Olmert says government nonetheless believed it had to launch a military campaign against Hizbullah.
By DAN IZENBERG
The government knew the home front was not fully prepared for missile bombardments by Hizbullah, but believed it had no choice but to launch a military campaign after the abduction of two soldiers and the killing of eight others, Prime Minister Ehud Olmert told the Knesset State Control Committee on Monday.
The session was the last in a series of 11 meetings held by the committee to study the report by State Comptroller Micha Lindenstrauss on the government's handling of the home front after the withdrawal from southern Lebanon in 2000 and during the Second Lebanon War in 2006.
"The government's decision [to launch a campaign against Hizbullah] was taken with the clear knowledge that the situation in the home front was not perfect," Olmert said. "We ordered the Defense Ministry to take full responsibility for its protection."
Olmert made it clear he did not intend to build masses of bomb shelters in anticipation of another war.
"This government is not taking action to shelter Israel up to the gills," he said. If the government took into account all the potential threats against the country and what it would require to provide shelters to meet them, he added, "the result would be intolerable. We do not have the intention or the ability, and it would also not be justified to do such a thing. We must assume in advance that we face threats regarding which our ability to provide an optimal response by way of shelters is limited."
During the war, he said, the existing shelters did protect the civilian population.
Olmert also rejected the state comptroller's claim that the first time the government met to hold a full discussion about the situation in the home front was July 30, 18 days after the fighting began.
Within days of the fighting, he said, most of the ministers visited the North to see the situation for themselves and offer help.
Olmert's right-hand man, Prime Minister's Office director-general Ra'anan Dinur, said Lindenstrauss's facts were incorrect. The government had discussed the home front in each of the five meetings it held during the war, he said, including the first one on July 12. Forums of ministry directors-general frequently met among themselves to solve problems, he added.
The committee, which had prepared a series of eight questions for Olmert and Dinur, wanted to know why the government had not established a body to coordinate among all the government agencies involved in servicing the home front.

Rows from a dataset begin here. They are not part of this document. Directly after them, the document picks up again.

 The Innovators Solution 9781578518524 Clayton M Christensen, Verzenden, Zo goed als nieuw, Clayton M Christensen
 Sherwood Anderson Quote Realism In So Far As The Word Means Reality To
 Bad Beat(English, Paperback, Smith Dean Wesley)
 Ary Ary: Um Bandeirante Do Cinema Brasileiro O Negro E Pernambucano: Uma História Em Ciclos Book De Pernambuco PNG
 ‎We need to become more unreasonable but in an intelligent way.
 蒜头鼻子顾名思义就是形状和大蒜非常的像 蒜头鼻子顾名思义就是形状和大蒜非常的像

Dinur said the Olmert government had been in power for only two months when the war broke out. Not a single government since the first Gulf War had appointed such a body, he said, even though various governments had passed several resolutions putting the Public Security Ministry in overall charge.

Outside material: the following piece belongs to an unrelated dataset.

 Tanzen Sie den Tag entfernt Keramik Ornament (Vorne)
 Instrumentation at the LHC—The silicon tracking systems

Olmert and Dinur were also asked why the government did not put into effect Melah, a program to run the country on an emergency footing during the war. According to the program, among other things, Melah would have provided emergency food supplies to the North.

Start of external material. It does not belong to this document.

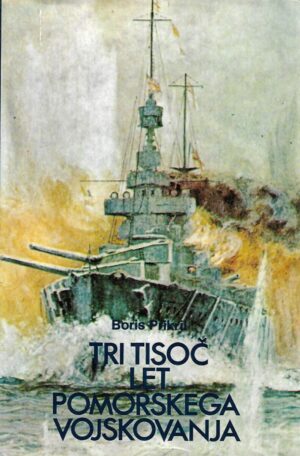 BorisPrikril: Tri tisoč let pomorskega vojskovanja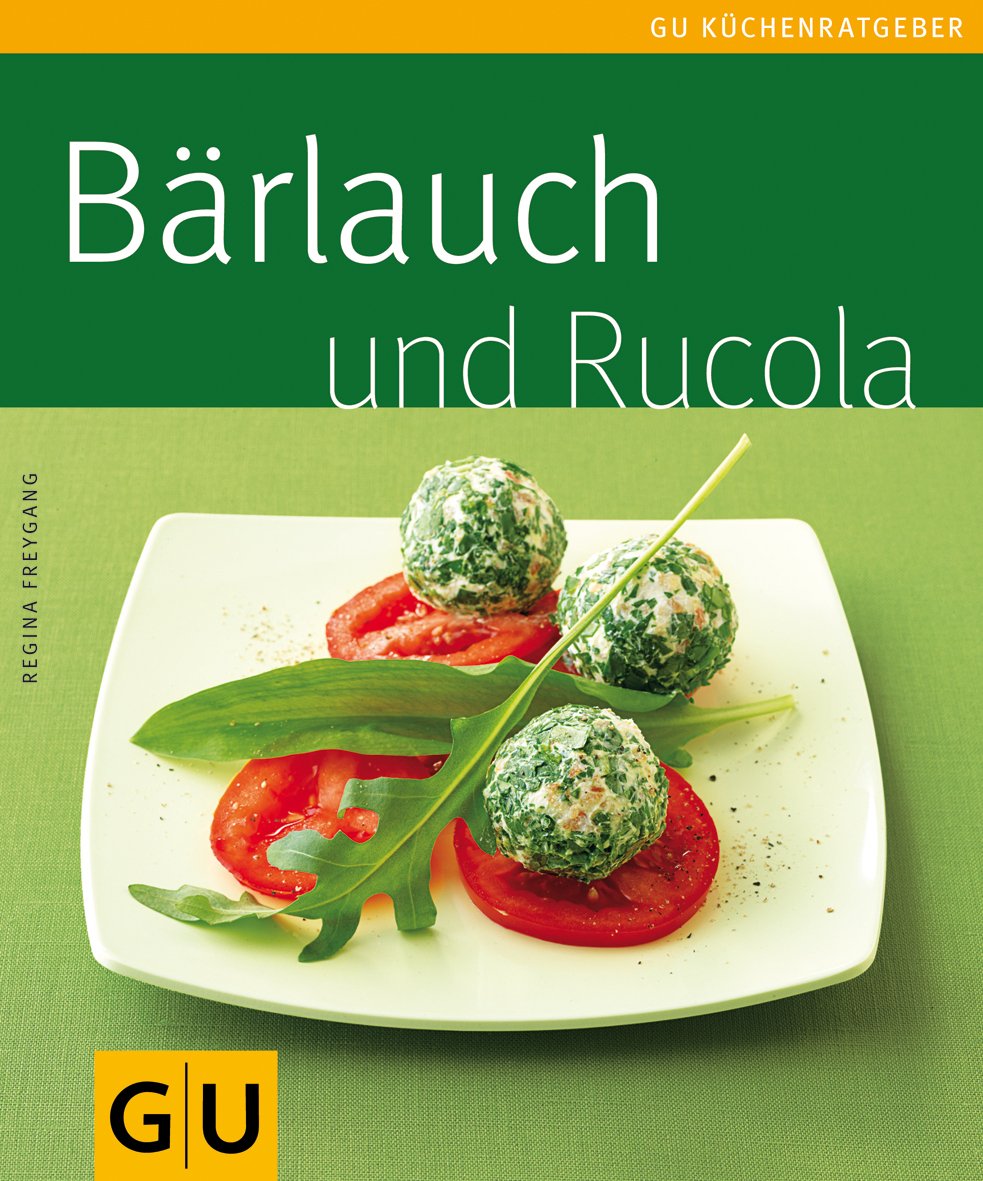 Bärlauch und Rucola. Von Freygang, Cooking & Enjoying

Olmert replied that the situation in Israel did not warrant putting Melah into operation. The country did not lack food supplies, transportation was running smoothly and most of the country was not even under attack, he said.
Another subject that was raised was the question of whether the government had called up enough reservists from Home Front Command to help the local authorities, some of which could not handle the emergency.
Olmert said the government had agreed to every request for manpower forwarded by Home Front Command. It had even asked Home Front Command on its own initiative whether it needed additional reservists and had been told that it did not.
Finally, Olmert rejected the charges that the government had not helped the civilian population get away from the fighting, either for the duration of the war or, at least, for a brief respite.
He said the government had evacuated the old, the disabled and the children, and had arranged for holidays for 140,000 northern residents, largely at its own expense. But rest and recreation was one thing, evacuation something altogether different, he said.
"We discussed several times the question of evacuating communities," Olmert said. "The answer was unequivocally 'no.' We are not a country that runs away. This is not a trivial matter. It is one thing if the enemy zeroes in on a neighborhood or group of houses. But between that and evacuating all the population in the North, the latter is out of the question."
In his summary of the discussions on the State Comptroller's Report, committee chairman Zevulun Orlev (NU-NRP) wrote, "The overall picture of the home front that emerges from the report is a harsh and grave one, of many citizens who suffered harm and felt abandoned without a government to take care of them."